/Repo_Template

A template for organizing and performing analysis (adapted from https://github.com/PhanstielLab/project-template).

Primary LanguageRMIT LicenseMIT

Repo_Template

A template for organizing and performing analysis (adapted from https://github.com/PhanstielLab/project-template).

Directory Structure

Prerequisites

How to use this repo as a template

  1. Create a repository from this template according to these instructions: https://docs.github.com/en/repositories/creating-and-managing-repositories/creating-a-repository-from-a-template

  2. Clone the repository to your home computer.

git clone https://github.com/bailey-lab/Repo_Template.git
  1. Rename the directory to your project name
mv Repo_Template My_Project
cd My_Project
  1. Build docker image (rename with the title of your project) in a terminal window of your project directory.
docker build -t my_project .
  1. Run the docker container with the username and password below in a terminal window of your project directory.
docker run --rm -p 8787:8787 -e USER=rstudio -e PASSWORD=yourpassword --volume ${PWD}:/home/rstudio my_project
  1. Open a web browser and navigate to localhost:8787. Log in with username rstudio and password yourpassword.

    • When you are logged in, you can run R code in the console or open R scripts in the src directory.
    • You will run the following commands in the terminal in RStudio.
  2. As I already have the data/raw, config and src directories (with the analysis, processing,utils subdirectories) made, you can start adding your data and scripts to these directories.
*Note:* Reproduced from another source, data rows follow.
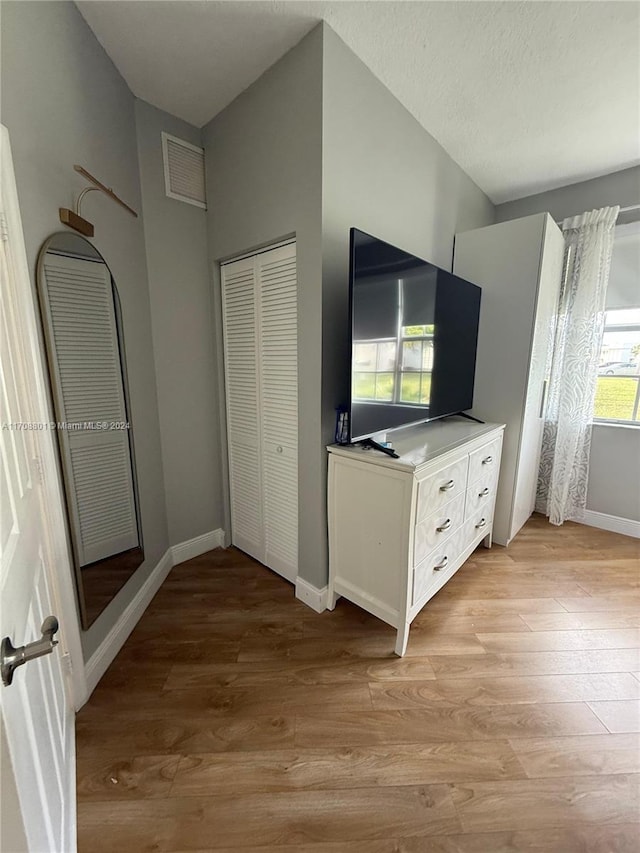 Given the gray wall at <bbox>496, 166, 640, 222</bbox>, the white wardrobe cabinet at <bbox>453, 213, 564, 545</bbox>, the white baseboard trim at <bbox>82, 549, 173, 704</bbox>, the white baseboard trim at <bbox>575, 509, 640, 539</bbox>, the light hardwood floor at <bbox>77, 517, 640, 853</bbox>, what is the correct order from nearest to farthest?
the light hardwood floor at <bbox>77, 517, 640, 853</bbox>, the white baseboard trim at <bbox>82, 549, 173, 704</bbox>, the white wardrobe cabinet at <bbox>453, 213, 564, 545</bbox>, the gray wall at <bbox>496, 166, 640, 222</bbox>, the white baseboard trim at <bbox>575, 509, 640, 539</bbox>

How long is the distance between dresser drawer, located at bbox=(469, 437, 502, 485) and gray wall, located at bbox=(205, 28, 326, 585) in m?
0.89

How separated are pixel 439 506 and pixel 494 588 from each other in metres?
0.85

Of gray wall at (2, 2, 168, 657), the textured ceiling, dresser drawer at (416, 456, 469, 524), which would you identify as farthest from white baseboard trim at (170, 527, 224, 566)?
the textured ceiling

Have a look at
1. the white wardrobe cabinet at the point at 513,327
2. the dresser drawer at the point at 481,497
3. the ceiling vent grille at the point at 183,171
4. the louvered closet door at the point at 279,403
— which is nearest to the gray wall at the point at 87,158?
the ceiling vent grille at the point at 183,171

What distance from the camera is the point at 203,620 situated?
5.79 ft

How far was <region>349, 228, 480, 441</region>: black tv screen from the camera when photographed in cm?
146

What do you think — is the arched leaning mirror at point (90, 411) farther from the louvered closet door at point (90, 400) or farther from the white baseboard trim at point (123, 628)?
the white baseboard trim at point (123, 628)

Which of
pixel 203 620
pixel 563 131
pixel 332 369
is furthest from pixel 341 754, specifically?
pixel 563 131

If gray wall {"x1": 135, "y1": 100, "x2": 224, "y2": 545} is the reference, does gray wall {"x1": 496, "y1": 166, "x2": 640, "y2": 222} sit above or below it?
above

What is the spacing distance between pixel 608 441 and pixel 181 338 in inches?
130

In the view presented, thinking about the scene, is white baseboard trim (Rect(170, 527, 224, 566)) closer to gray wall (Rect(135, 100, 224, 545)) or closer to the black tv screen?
gray wall (Rect(135, 100, 224, 545))

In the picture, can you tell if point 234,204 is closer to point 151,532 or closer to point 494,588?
point 151,532

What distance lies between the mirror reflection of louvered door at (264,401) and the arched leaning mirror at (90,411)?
668 millimetres

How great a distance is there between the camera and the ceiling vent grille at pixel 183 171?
191cm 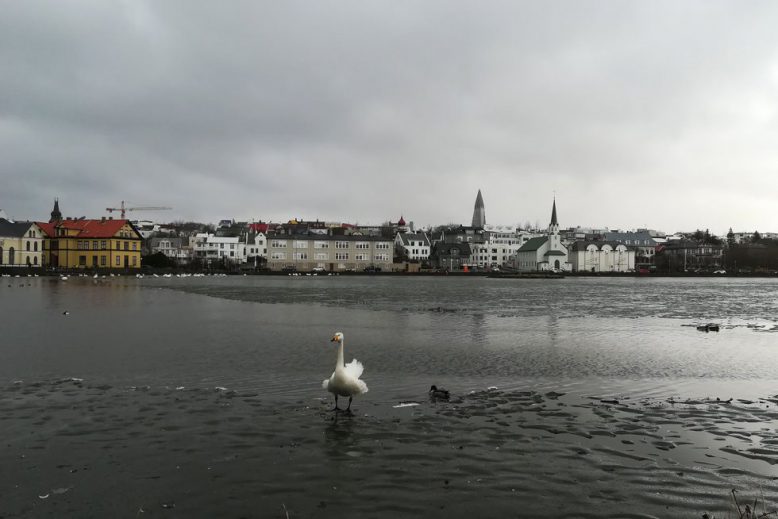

  3. Run make commands (in the terminal) to inialize the general dictionaries.

make dirs
  1. Fill the config file with the necessary information for your project. The formatting of the config file is as follows:
# your relative file path
config_path: "config/YYYY_MM_DD_config.yaml"

# the date of the analysis
date: "YYYY_MM_DD"

# the name of the project
project_name: "my_project"

# the description of the project
description: "Cool analysis of something"

# the path to the raw data
sample_summary_csv: "data/raw/UMI_counts.csv"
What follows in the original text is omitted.